§ **Supplied information**:

----

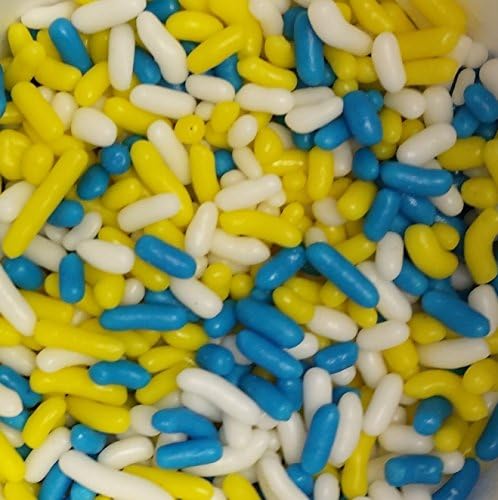 The Brittle Box  Candy  Company BRAND Ice Cream Toppings Jimmie Sprinkles YELLOW AND WHITE BLUE mix
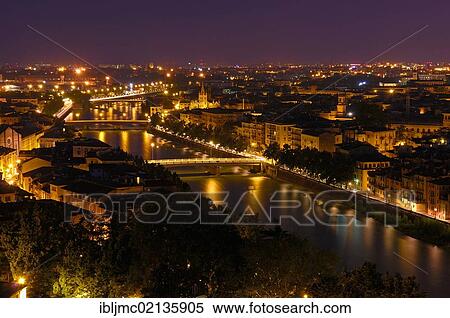 Verona with Adige river at night, Veneto, Italy, Europe View Large Photo Image Stock Photography - Verona with Adige river at night, Veneto, Italy, Europe. Fotosearch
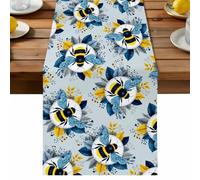Bees Table Runner, Yellow Blue Leaves Bee Blue Texture Cotton and Table Linen Runner for Kitchen Dining Home Decor for Party Festival Holiday Decoration Gift 13x70in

----

§ **Work item**: Set down the complete material exactly, but do not include the images.

§ **Expected output**:
 The Brittle Box  Candy  Company BRAND Ice Cream Toppings Jimmie Sprinkles YELLOW AND WHITE BLUE mix
 Verona with Adige river at night, Veneto, Italy, Europe View Large Photo Image Stock Photography - Verona with Adige river at night, Veneto, Italy, Europe. Fotosearch
Bees Table Runner, Yellow Blue Leaves Bee Blue Texture Cotton and Table Linen Runner for Kitchen Dining Home Decor for Party Festival Holiday Decoration Gift 13x70in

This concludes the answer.